Every week, IntoTheBlock brings you on-chain analysis of top news stories in the crypto space. Leveraging blockchain’s public nature, IntoTheBlock’s machine learning algorithms extract key data that provide a deeper dive into the major developments in the industry.
Key Metrics Pointing to Where Crypto May Be Heading Next
Crypto markets have traded within a narrow range the past few weeks, following the precipitous crash in mid-May. As market participants struggle to take the lead in either direction, news and blockchain indicators may provide valuable insights into what is likely to come next for the crypto space.
In terms of news, probably the most relevant recent occurrence is the Reserve Bank of India’s (RBI) clarification that it will not be banning crypto trading. It had been rumored for multiple months that the RBI would be making it difficult for both institutions and individuals to access crypto and they have cleared up that will not be the case. Following the recent crackdown in China, this comes as a relief for the crypto market.
In other news, Google has reversed its stance on advertising from crypto exchanges and wallets. Although crypto entities looking to advertise on Google will still need to be registered with the financial regulators FinCEN, this is a step forward from banning all crypto-related ads in June 2018.
Both of these news signal positive developments for crypto. Similarly, on-chain data points to bullish activity following the crash.
By looking at the variations in profitability, we are able to identify that buying activity is taking place. The Historical In/Out of the Money (HIOM) does just this, breaking down the number of addresses profiting over time.
Comparing Bitcoin versus ten days ago when it traded slightly higher, we observe two interesting patterns. First, the number of addresses in the money (making profits) is 900k greater, even though the price is currently lower. This points to a large number of holders taking the crash to $30,000 as an opportunity to buy and lower their average costs, thus making them profitable as prices rebounded.
Second, the number of addresses out of the money decreased by nearly one million. Though some of these averaged down their entry price, it is also likely that many panic sold, realizing their losses and no longer being considered by the HIOM.
This marks the transition in Bitcoin holding from short-term speculators into longer-term investors. The pattern is apparent when looking at the decrease in addresses holding for less than a month, classified as traders by IntoTheBlock.
The decrease in short-term trading comes as investors become uncertain about where Bitcoin may be heading next in the near-term.
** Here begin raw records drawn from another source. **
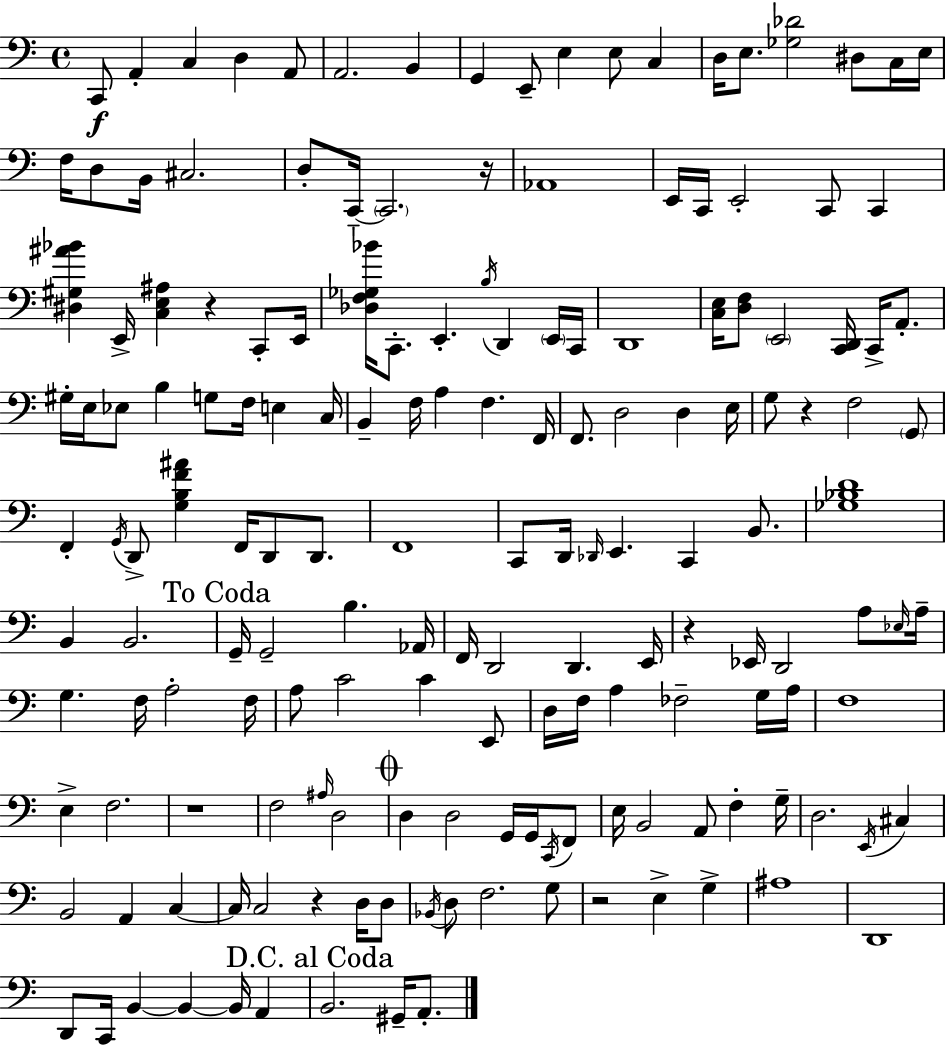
{
  \clef bass
  \time 4/4
  \defaultTimeSignature
  \key c \major
  c,8\f a,4-. c4 d4 a,8 | a,2. b,4 | g,4 e,8-- e4 e8 c4 | d16 e8. <ges des'>2 dis8 c16 e16 | \break f16 d8 b,16 cis2. | d8-. c,16--~~ \parenthesize c,2. r16 | aes,1 | e,16 c,16 e,2-. c,8 c,4 | \break <dis gis ais' bes'>4 e,16-> <c e ais>4 r4 c,8-. e,16 | <des f ges bes'>16 c,8.-. e,4.-. \acciaccatura { b16 } d,4 \parenthesize e,16 | c,16 d,1 | <c e>16 <d f>8 \parenthesize e,2 <c, d,>16 c,16-> a,8.-. | \break gis16-. e16 ees8 b4 g8 f16 e4 | c16 b,4-- f16 a4 f4. | f,16 f,8. d2 d4 | e16 g8 r4 f2 \parenthesize g,8 | \break f,4-. \acciaccatura { g,16 } d,8-> <g b f' ais'>4 f,16 d,8 d,8. | f,1 | c,8 d,16 \grace { des,16 } e,4. c,4 | b,8. <ges bes d'>1 | \break b,4 b,2. | \mark "To Coda" g,16-- g,2-- b4. | aes,16 f,16 d,2 d,4. | e,16 r4 ees,16 d,2 | \break a8 \grace { ees16 } a16-- g4. f16 a2-. | f16 a8 c'2 c'4 | e,8 d16 f16 a4 fes2-- | g16 a16 f1 | \break e4-> f2. | r1 | f2 \grace { ais16 } d2 | \mark \markup { \musicglyph "scripts.coda" } d4 d2 | \break g,16 g,16 \acciaccatura { c,16 } f,8 e16 b,2 a,8 | f4-. g16-- d2. | \acciaccatura { e,16 } cis4 b,2 a,4 | c4~~ c16 c2 | \break r4 d16 d8 \acciaccatura { bes,16 } d8 f2. | g8 r2 | e4-> g4-> ais1 | d,1 | \break d,8 c,16 b,4~~ b,4~~ | b,16 a,4 \mark "D.C. al Coda" b,2. | gis,16-- a,8.-. \bar "|."
}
Using data on addresses’ profitability we can also determine points of support and resistance for Bitcoin’s trajectory.
Addresses’ profitability directly impacts buy and sell orders set by investors. Using on-chain data, IntoTheBlock’s In/Out of the Money Around Price (IOMAP) groups clusters of addresses depending on whether they are profitable (in the money) or losing money (out of the money), at least on paper.
The largest clusters of addresses represent at which price the most volume of Bitcoin had previously been bought, and directly influences near-term support and resistance levels.
The IOMAP reveals that 1 million addresses had previously bought approximately 570K Bitcoin at a price around $37,000. Due to the large buying activity around this area, there is expected to be strong support from new buyers and current holders. Were this level to fail, then a drop to $34,000 is likely.
On the other hand, there is strong resistance just below $40,000. The high amount of volume that was previously bought there (320K BTC) is expected to create selling pressure as many holders tend to look to sell positions at a break-even level. Moreover, if buyers are able to get Bitcoin beyond this range, a move to $43,000 seems probable as there appears to be little resistance in between.
Due to the high concentration of volume currently near price, it is likely that price may continue range-bound, unless there is a major catalyst in either direction. Finally, it is probable that a breakout in either direction for Bitcoin will lead the rest of the crypto markets along.
This is the case as correlations to Bitcoin have been increasing across the board. In Ether’s case, the correlation with Bitcoin is back to 0.9, pointing to a strong positive relationship between the two, after being negatively correlated for a short period of time.
Overall, crypto is at a critical point where people debate whether or not the bull market is over. With positive news and buying activity picking up momentum, it is possible that the worst may be behind us. However, it is too early to discount a move lower if Bitcoin prices drop below $36,000, which would drag the rest of the market along with it.